Screw-Cap Advocates Target European Winemakers and Wine Drinkers

Chablis producer Michel Laroche takes on the task of selling his colleagues and consumers on the alternative closure
Eric Arnold
Posted: January 10, 2006

Screw caps may no longer be identified solely with wines from the New World. The New Zealand Screwcap Initiative, which helped popularize the alternative wine closure among winemakers and consumers in its home country, is expanding its efforts to Europe in the form of the International Screwcap Initiative.

The worldwide effort will be headed by Michael Brajkovich, winemaker at Kumeu River in New Zealand, while Chablis producer Michel Laroche of Domaine Laroche will lead the charge in Europe. He will be encouraging other European wineries to follow his lead and switch from cork to screw cap.

Currently, only a handful of European producers, including J. Moreau & Fils, Bassermann-Jordan and Verget, have been releasing small amounts of their wines topped with screw caps.

Laroche began bottling some of his wines with screw caps in 2002. "We experimented with 11 different types of closures for three or four years on our Chablis St. Martin and a Merlot from the south of France in order to gauge the impact of the closures on two very different types of wines," said Laroche. "We were registering 5 to 6 percent cork taint in our tasting room, and I estimate that a further 10 percent suffered premature oxidation."

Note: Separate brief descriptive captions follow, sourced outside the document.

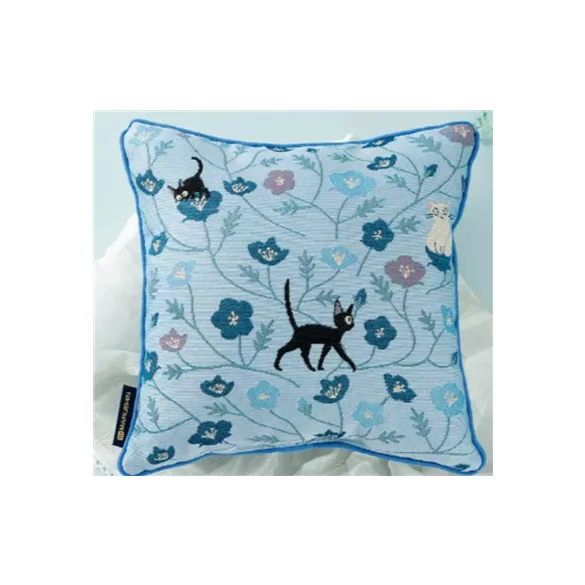Kiki's Delivery Service - Cushion (30x30 cm) - Jiji Blue Floral-MARU-92221
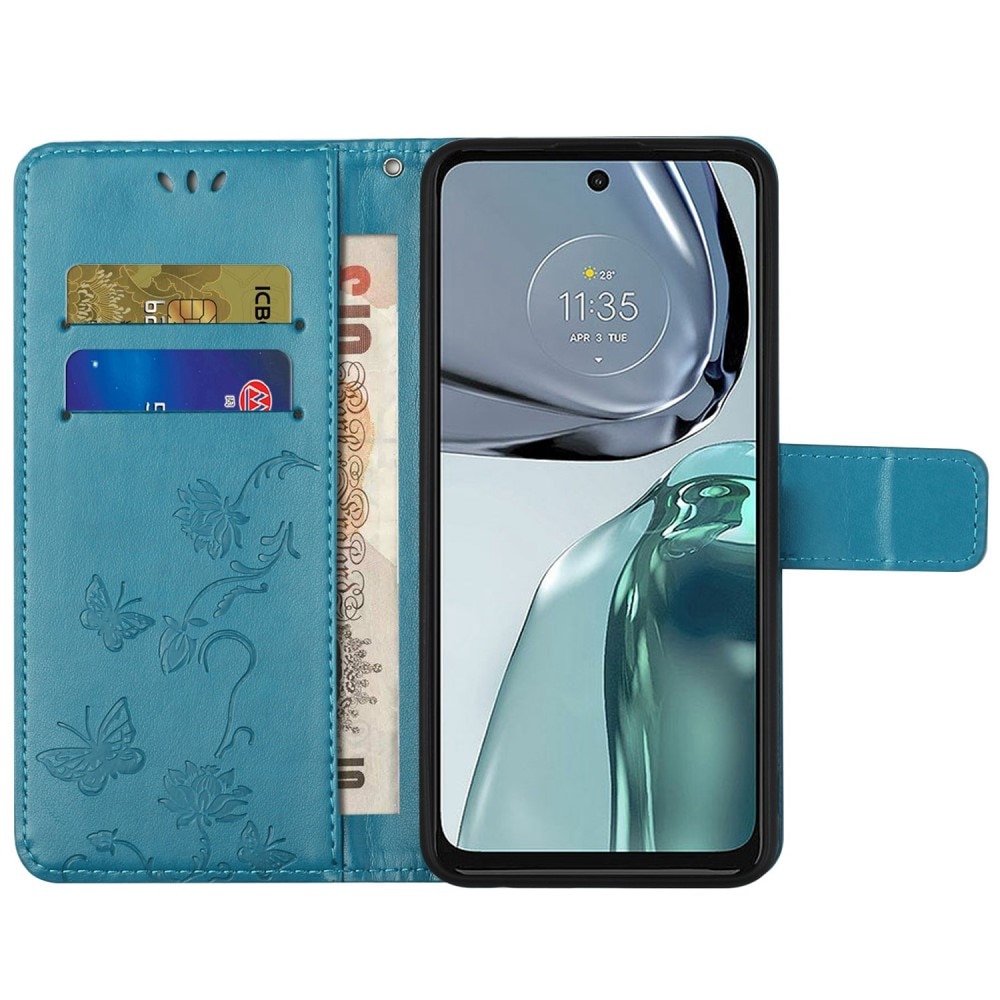 Étui en cuir à papillons pour Motorola Moto G62, Bleu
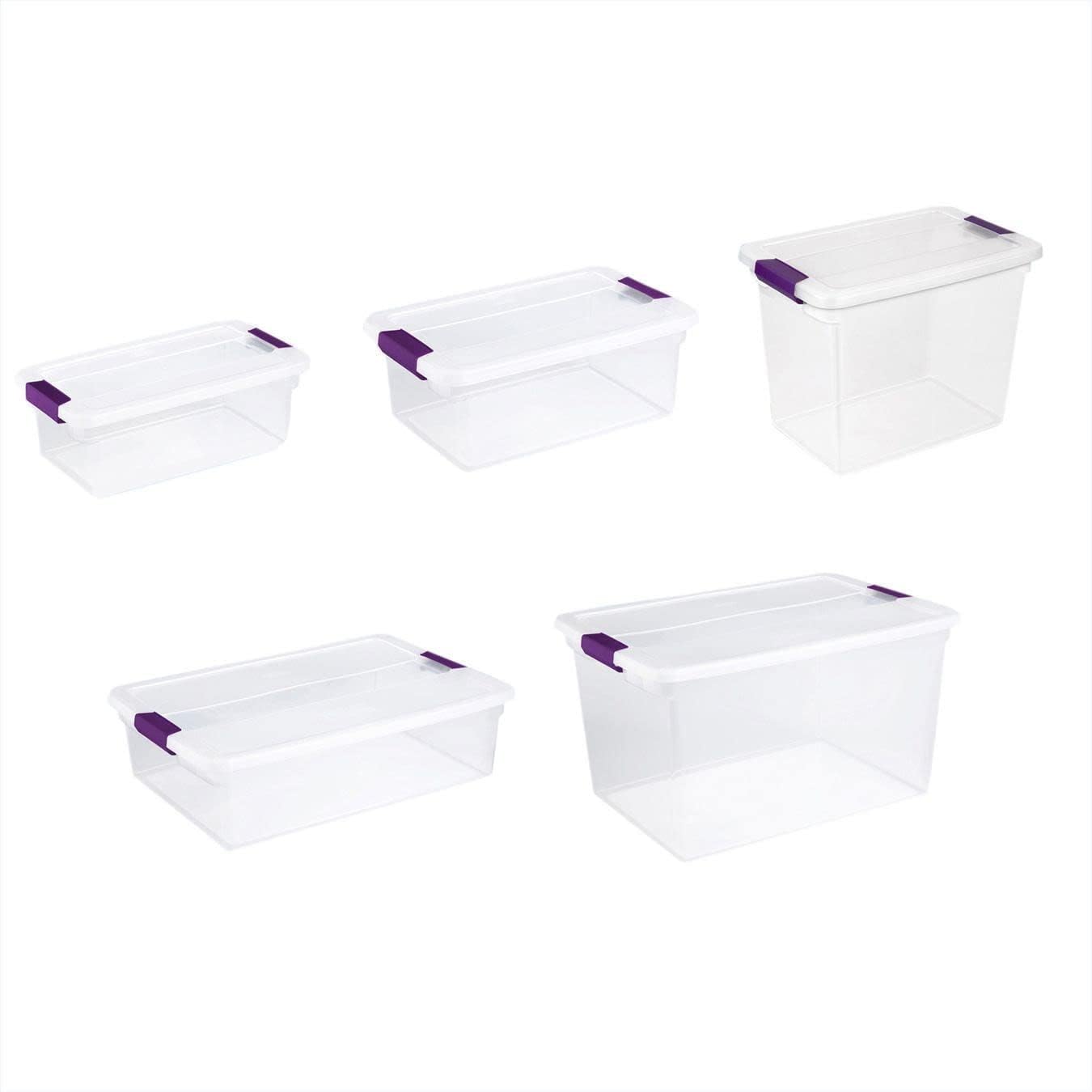 Sterilite 17531712 Clearview Storage Box With Latched Lid - 15 Qt. 17"L x 11-1/8"W x 6-1/2"H - Lot of 12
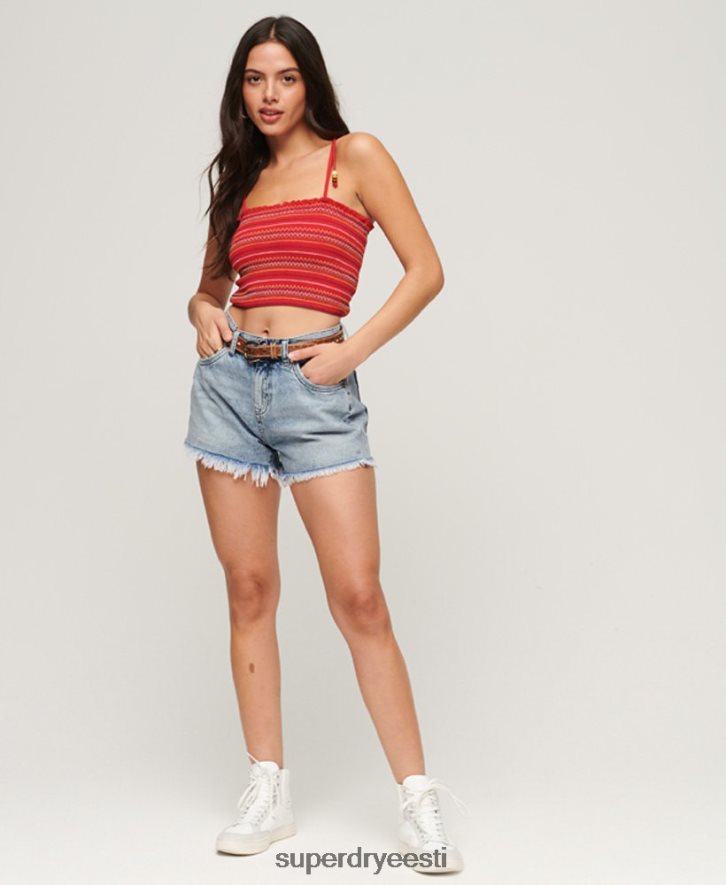 Superdry naised tikitud smocked cami top B2LT42041 Riietus punane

"The key point here is that we are uniting a group of like-minded producers who all believe that screw caps best preserve their wines, in the state the winemaker intended them to do so," added Laroche. "As Michael Brajkovich said, 'We're not selling screw caps, we're defending our decision to use a closure type that guarantees the quality of our top wines.' That's the message that we have to get across to the consumers. We're doing this for their pleasure."

The New Zealand Screwcap Initiative was successful at this very quickly on its home soil. The organization began in New Zealand in 2001, when a group of Marlborough winemakers came together to discuss alternative closures after years of frustration with oxidation and TCA (2,4,6-trichloroanisole), the chemical compound that creates the wine flaw known as "cork taint." The organization aimed to share technical information with member wineries and to educate the wine trade and consumers about the benefits of screw caps. Today, the NZSI estimates, 90 percent of wines produced in New Zealand are sealed with screw caps.

While acceptance came quickly in New Zealand, Foxes Island winemaker John Belsham, current NZSI chairman, predicts a much tougher task in Europe. "In Europe, a lot of premium producers are selling their new releases on the reputation of their older vintages," he explained. "Consequently, many feel that a change in closure may indicate to some consumers that the wines that they are holding in their cellars under a previous closure may be deemed to be inferior, and render the wine less valuable. It will change, but obviously slower than in an environment like New Zealand, where the prevalence of cellared older wines is significantly lower."

Belsham and Laroche believe that the biggest challenge will be convincing the wine trade and wine drinkers that screw caps do not inhibit a wine's bottle development, in part by combating the misconception that wine needs oxygen to age properly. "This is simply not true, and there has been much technical information and debate presented on this subject," said Belsham. "Of course, wines will mature in a bottle both with and without oxygen. They will, however, do so differently. The maturation under a screw cap is essentially anaerobic, and there is virtually no variability in the integrity of the seal. If the wine is correctly vinified and prepared for bottling, it will mature regularly under a correctly applied screw cap. The screw cap does not dictate the quality of the wine any more than the bottle itself does. The fruit, terroir and winemaking input determine that."

There's a second misconception to overcome, according to Laroche. "That screw caps are for cheap wines," he said. "I didn't invest 100,000 euros to adapt my bottling line if this was a cheap option. Nor would I have decided to bottle my top-of-the-range Chablis, Réserve de l'Obédience [priced at $99] exclusively under screw caps from the 2004 vintage onwards, if that was the case!"

Overall, Laroche is optimistic that European wineries and wine drinkers will embrace screw caps as he has. "Certain markets such as Scandinavia, the U.K., Holland and Ireland have been very quick to adapt," he said. "France has also reacted well, and many of the prestigious Michelin-starred restaurants now prefer to order our wines with screw caps. It's easier for them and there is less loss. Although I don't think that we can make a generalization about Europe as a whole—as we've seen, each market has its own speed, and the battle isn't won yet."